There may be people out there who sit around thinking, “Gee, this city could use some more panhandlers and squeegee kids,” but I have yet to meet them. In any city. In any country. At any time. Regardless of what solutions are considered best, most of us consider begging a problem.
There are those who focus on the problem begging can pose to the people being solicited. It’s intimidating to be asked for money as you leave a bank machine. If it’s late at night and the person asking for the cash looks imposing or threatening, it can be downright scary.
Others focus on the problem begging represents for the people doing the asking. Usually, though not always, people panhandle because they have nowhere to go, no job to rely on, and no meaningful family support. Sometimes that’s their own doing. Sometimes it’s not. Often, though not always, they suffer from addictions of one sort or another.
Both sets of problems are real and troubling.
But with new calls coming for Ontario to repeal its Safe Streets Act, which bans squeegee kids and aggressive panhandling, it’s worth rethinking how to address both sets of problems while doing the least harm.
Unsurprisingly, after the Mike Harris government passed the Safe Streets Act in 1999, Toronto saw the amount of squeegeeing and begging in the city drop. According to York University Professor Stephen Goetz (who is among the act’s vocal critics), panhandling and squeegeeing “declined dramatically” in the city between 2000 and 2010. Anecdotally, I can attest that when I first moved back to Toronto in 2002, I was approached fairly routinely by squeegee kids in certain areas of the city, but can’t recall having seen a single one in the past four years.
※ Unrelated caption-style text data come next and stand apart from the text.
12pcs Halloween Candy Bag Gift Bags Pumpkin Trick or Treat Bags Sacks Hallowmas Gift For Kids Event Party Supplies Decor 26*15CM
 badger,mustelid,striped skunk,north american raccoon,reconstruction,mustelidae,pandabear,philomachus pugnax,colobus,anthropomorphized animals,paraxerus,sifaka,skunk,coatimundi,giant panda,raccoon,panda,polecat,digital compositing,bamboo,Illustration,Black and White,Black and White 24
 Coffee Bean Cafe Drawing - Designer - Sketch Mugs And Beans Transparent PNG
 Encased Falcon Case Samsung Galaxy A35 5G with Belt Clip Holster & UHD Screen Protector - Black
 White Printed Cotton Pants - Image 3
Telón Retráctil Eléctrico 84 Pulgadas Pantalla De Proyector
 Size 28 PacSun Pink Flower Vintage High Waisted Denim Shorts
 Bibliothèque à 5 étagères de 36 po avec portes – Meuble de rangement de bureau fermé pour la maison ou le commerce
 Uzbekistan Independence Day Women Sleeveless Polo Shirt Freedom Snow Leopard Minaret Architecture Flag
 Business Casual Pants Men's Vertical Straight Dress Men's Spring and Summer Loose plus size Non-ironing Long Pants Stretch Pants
So in at least one sense, simply banning the begging, and issuing tickets and fines to offenders, appears to have worked. It has apparently reduced the prevalence of the problematic activity.
The question is: At what cost?
In financial terms, the Toronto Star has estimated that it cost Toronto police nearly $1-million to enforce the Safe Streets Act between 2000 and 2010. In theory, that expense would be offset by the $4-million in fines that the police issued during the same time period. In practice, squeegee kids and panhandlers tend not to be a particularly reliable source of funds. So, 99% of the fines were not paid.
It is also important to remember that the Safe Streets Act places explicit limits on freedom of expression, a Charter right which should not be taken lightly. The courts have ruled that the act is nonetheless constitutional because the infringement is justified to protect public safety.
Still, it’s worth contemplating whether it offends our sense of equality and justice to prohibit some classes of people from asking for money, while allowing others to make the exact same request under the exact same circumstances.
For example, take the bank machine scenario I mentioned earlier. Under the Safe Streets Act, John Doe is breaking the law if he approaches me as I leave the ATM and asks me if I can spare some change to help feed his kids. Yet for someone who works for a charity registered with the CRA, it is perfectly legal to catch me walking away from the bank machine, stuffing my wallet back in my purse, and ask me if I can spare some change to help feed someone else’s kids.
Since I happen to work for a registered charity myself, I could potentially benefit from this double standard.
I don’t, however, believe it to be very useful, except to illustrate that a large part of what the Safe Streets Act may really be designed to protect is not so much safety as a pleasant experience.
At no point would I argue against the merits of a pleasant experience. It’s just that we don’t usually consider preserving a pleasant experience to be reason enough to legally prohibit unpleasant questions. I’m not sure how Parliament, psychotherapy or political protests would proceed if we did.
Former Ontario Attorney General Michael Bryant, who is helping lead the call for the Safe Streets Act’s repeal, says the law “criminalizes homelessness.” “Let’s stop arresting the poor for being poor,” he implores. Those are overstatements.
Still, chewing on the question of what we give up in exchange for bans on panhandling — equal treatment by the government, free expression — is a worthwhile exercise. So is measuring joblessness, addiction, and homelessness.
Banning the expression of a problem does not make the problem go away.